Vaccination is the best protection against meningococcal disease. The most common vaccine protects against four variations of the bacteria, known as types A, C, W and Y, school officials say. This vaccine does not protect against meningitis type B.
Once diagnosed, meningococcal disease is treatable with antibiotics, but quick medical attention is extremely important.
Signs and symptoms of meningococcal disease could include high fever, headache, stiff neck and a rash. These symptoms can develop over several hours, or they may take one to two days.
Members of the university community who experience symptoms or have health concerns should visit their health care provider and let them know about the recent case of meningitis at the campus, according to school officials.
Meningococcal disease is not spread by casual contact activities like being in the same work or school room as the sick person.

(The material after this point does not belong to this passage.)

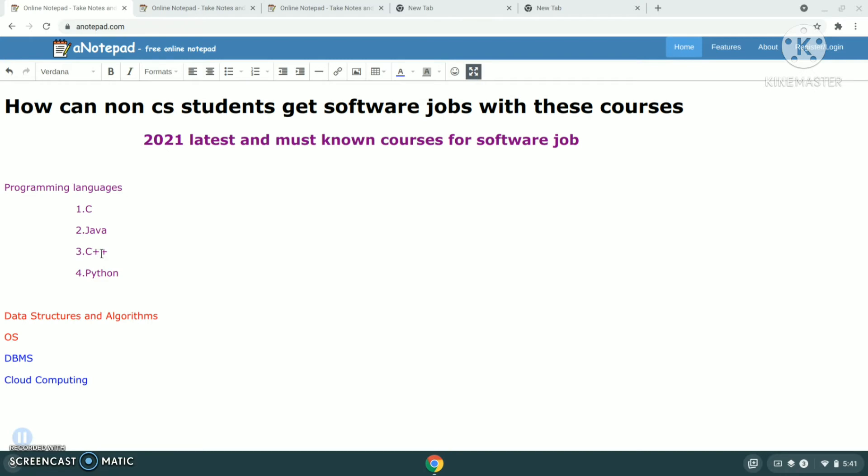After programming language, the next one is data structures and algorithms. This is the main subject for CS students. If you learn this course, it will be very useful.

However, it is generally transmitted through direct exchange of respiratory and throat secretions by close personal contact, such as coughing, sharing drinks, kissing, and being in close proximity for an extended period of time.
"Meningitis can be spread by coughing, sneezing, and saliva. So we need to evaluate students and see what sort of contact they’ve had with the individual in order to determine if they need antibiotics,” the state's DOH said after the first meningitis case at the university earlier this month.
The bacteria that cause meningococcal invasive disease are less infectious than the viruses that cause the common cold or flu.